Die Mutter ist im Alter an Alzheimer erkrankt, und Tahar Ben Jelloun war Zeuge, wie die Krankheit seiner Mutter immer weiter fortschritt. In diesem Buch hielt er die Veränderungen fest, die vor sich gingen, sowie die Erinnerungen, die er aus Begegnungen und Erlebnissen mit der erkrankten Mutter mitgenommen hat.
Zunächst weiß die Mutter das Eine oder Andere nicht mehr, dann verwechselt sie etwas, und im Großen und Ganzen ist dies alles schwer abzugrenzen von der bekannten Persönlichkeit der Mutter, die sich manche Dinge ohnehin noch nie gut hatte merken können. Doch die Krankheit schreitet voran, die Mutter erkennt ihre Kinder nicht, verwechselt ihre Söhne mit ihren verstorbenen Ehemännern, glaubt einen dieser Ehemänner zu Besuch oder glaubt nach einem Umzug von einem Zimmer in ein anderes wegen der veränderten Aussicht, in einer ganz anderen Stadt zu sein. Die Erkrankung der Mutter stellt eine Zerreißprobe für die Familie dar, nicht jeder kann gleich gut mit dem geistigen Verfall der Mutter umgehen, nimmt Verwechslungen persönlich, sieht sich vor allem aber ohnmächtig einer Entwicklung gegenüber, die nicht aufzuhalten ist.

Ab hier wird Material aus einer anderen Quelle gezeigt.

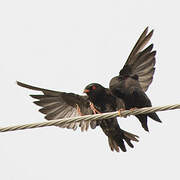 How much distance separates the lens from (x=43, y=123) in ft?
28.2

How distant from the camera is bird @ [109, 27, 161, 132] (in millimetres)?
10328

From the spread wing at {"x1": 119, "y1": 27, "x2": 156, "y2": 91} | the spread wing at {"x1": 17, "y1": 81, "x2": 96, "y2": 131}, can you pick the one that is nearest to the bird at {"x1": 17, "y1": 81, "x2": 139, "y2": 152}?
the spread wing at {"x1": 17, "y1": 81, "x2": 96, "y2": 131}

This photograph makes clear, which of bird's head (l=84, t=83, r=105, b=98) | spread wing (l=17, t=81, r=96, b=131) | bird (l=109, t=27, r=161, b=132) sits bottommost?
bird (l=109, t=27, r=161, b=132)

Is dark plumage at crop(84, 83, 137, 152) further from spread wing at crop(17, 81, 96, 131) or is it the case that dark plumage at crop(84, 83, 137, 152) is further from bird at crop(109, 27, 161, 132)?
bird at crop(109, 27, 161, 132)

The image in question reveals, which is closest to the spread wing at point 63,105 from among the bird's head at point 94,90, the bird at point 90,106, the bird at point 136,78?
the bird at point 90,106

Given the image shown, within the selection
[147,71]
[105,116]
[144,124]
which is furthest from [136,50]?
[105,116]

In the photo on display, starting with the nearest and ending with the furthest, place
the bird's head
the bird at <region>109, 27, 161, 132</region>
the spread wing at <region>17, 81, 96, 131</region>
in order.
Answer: the bird at <region>109, 27, 161, 132</region> → the bird's head → the spread wing at <region>17, 81, 96, 131</region>

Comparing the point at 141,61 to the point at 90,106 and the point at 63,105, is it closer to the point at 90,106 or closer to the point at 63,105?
the point at 90,106

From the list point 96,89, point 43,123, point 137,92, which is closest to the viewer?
point 43,123

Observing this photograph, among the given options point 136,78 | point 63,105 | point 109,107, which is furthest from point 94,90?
point 136,78

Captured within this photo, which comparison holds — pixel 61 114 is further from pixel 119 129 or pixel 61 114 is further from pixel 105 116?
pixel 105 116

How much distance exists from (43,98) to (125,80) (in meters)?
2.00

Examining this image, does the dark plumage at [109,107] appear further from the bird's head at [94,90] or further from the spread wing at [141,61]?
the spread wing at [141,61]

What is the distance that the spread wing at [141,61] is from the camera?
1036 cm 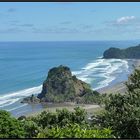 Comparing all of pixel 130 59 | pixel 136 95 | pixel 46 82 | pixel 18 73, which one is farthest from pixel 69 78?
pixel 136 95

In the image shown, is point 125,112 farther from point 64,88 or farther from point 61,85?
point 61,85

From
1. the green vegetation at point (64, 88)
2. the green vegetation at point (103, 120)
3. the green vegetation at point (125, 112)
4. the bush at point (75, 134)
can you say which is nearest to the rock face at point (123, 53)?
the green vegetation at point (64, 88)

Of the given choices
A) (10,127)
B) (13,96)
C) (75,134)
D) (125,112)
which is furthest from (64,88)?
(75,134)

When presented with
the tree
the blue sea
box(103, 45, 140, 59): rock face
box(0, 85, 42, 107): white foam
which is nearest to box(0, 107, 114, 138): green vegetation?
the tree

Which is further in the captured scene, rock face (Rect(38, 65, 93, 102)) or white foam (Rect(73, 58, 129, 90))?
white foam (Rect(73, 58, 129, 90))

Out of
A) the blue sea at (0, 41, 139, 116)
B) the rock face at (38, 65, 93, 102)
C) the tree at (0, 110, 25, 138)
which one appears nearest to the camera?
the tree at (0, 110, 25, 138)

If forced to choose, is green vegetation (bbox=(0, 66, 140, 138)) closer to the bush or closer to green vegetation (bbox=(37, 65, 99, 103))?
the bush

Beim Hören des Hörbuches, das im Oktober 2007 bei "Der Audio Verlag" mit drei CDs Umfang und einer Gesamtlaufzeit von knapp vier Stunden erschien, gehen die Erlebnisse des Autors, gesprochen von Bernt Hahn, jedoch weiter, als sich nur mit der Krankheit zu befassen. Tahar Ben Jelloun erinnert sich an das Leben der Mutter und zeichnet ihren Lebensweg nach, basierend auf dem, was er selbst mitbekommen hat, doch auch auf dem, was die Mutter erzählte, die Großmutter und andere Leute.
Voller Respekt zeichnet der Autor ein Bild von seiner Mutter, das versucht, sie als Ganzes zu erfassen, nicht nur als "Alzheimer-Kranke".

Bernt Hahn liest das Buch authentisch vor, so dass man glauben könnte, der Autor selbst lese es. An keiner Stelle kitschig, aber auch an keiner allzu sachlich, liest Hahn die Geschichte in angenehmem Tempo.

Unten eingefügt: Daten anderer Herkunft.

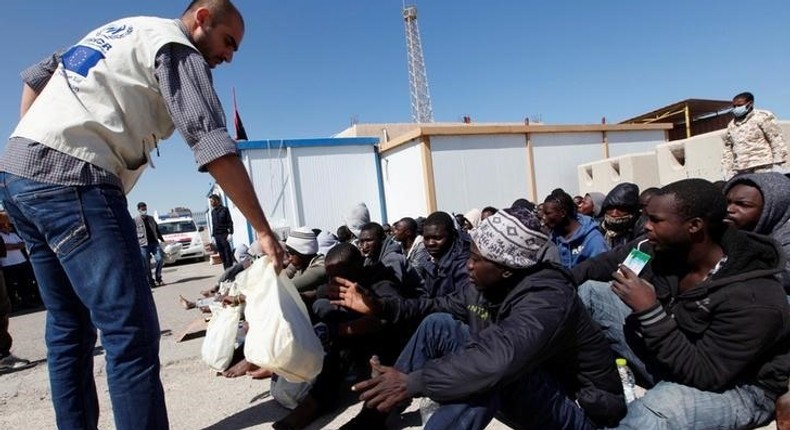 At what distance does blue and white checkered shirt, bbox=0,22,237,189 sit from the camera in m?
1.65

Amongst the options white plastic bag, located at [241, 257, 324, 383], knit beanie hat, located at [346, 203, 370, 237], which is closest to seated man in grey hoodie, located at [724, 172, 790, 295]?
white plastic bag, located at [241, 257, 324, 383]

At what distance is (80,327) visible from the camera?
2.03 m

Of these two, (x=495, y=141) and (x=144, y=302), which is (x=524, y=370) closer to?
(x=144, y=302)

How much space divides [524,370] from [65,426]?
6.25 feet

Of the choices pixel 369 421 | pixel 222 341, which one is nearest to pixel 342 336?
pixel 369 421

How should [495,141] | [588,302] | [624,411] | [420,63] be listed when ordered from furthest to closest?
[420,63], [495,141], [588,302], [624,411]

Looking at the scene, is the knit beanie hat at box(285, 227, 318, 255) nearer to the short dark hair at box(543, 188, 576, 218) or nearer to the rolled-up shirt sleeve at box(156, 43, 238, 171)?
the short dark hair at box(543, 188, 576, 218)

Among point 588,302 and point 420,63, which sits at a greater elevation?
point 420,63

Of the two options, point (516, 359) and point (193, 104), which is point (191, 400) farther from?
point (516, 359)

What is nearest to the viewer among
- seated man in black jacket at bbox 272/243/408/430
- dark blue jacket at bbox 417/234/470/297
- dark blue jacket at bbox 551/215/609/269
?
seated man in black jacket at bbox 272/243/408/430

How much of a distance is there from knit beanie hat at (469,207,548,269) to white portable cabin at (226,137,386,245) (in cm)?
887

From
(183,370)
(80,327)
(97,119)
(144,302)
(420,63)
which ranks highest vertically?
(420,63)

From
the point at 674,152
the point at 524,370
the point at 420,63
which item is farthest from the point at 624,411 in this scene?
the point at 420,63

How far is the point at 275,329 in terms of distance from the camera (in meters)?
2.06
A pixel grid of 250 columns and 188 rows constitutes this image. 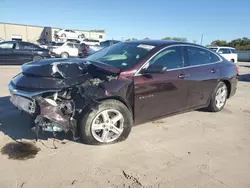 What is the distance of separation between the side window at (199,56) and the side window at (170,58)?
Result: 0.28 m

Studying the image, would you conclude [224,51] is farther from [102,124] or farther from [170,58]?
[102,124]

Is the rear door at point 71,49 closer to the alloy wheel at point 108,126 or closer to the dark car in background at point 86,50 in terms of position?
the dark car in background at point 86,50

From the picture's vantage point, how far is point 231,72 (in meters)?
5.47

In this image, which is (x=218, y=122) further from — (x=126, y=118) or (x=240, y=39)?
(x=240, y=39)

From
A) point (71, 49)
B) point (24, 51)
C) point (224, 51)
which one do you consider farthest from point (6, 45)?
point (224, 51)

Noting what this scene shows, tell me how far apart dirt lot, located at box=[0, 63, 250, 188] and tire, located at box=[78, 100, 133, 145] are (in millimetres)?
125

"Yemma - Meine Mutter, mein Kind" ist ein wirklich bedeutungsvolles Buch und auch Hörbuch. Keinesfalls gehört der Titel in die Reihe biografisch angehauchter Langeweile, sondern stellt einen an Alzheimer erkrankten Menschen mit allen Höhen und Tiefen, vor allem jedoch als ganzen, lebenserfahrenen Menschen mit viel Persönlichkeit dar. Zwischen den Zeilen ist die Wichtigkeit erkennbar, mit der an Alzheimer Erkrankte - und auch ganz generell verwirrte Menschen - als Persönlichkeiten mit einer ganz eigenen Biografie wahrgenommen werden müssen. Jelloun zeigt auf, wie leicht sich zunächst sinnlose Äußerungen biografischen Stationen zuordnen lassen, zeigt auf, dass jemand, der in irgendeiner Form dement ist, durchaus ernst zu nehmen ist. Im medizinischen und pflegerischen Bereich ist dies längst bekannt und wird im geriatrischen Bereich auch zunehmend gelebt, doch bietet dieser Titel auch eine Stütze für die Angehörigen, die ständig zwischen Schuld und Ärger schweben - wie auch die Geschwister Tahar Ben Jellouns.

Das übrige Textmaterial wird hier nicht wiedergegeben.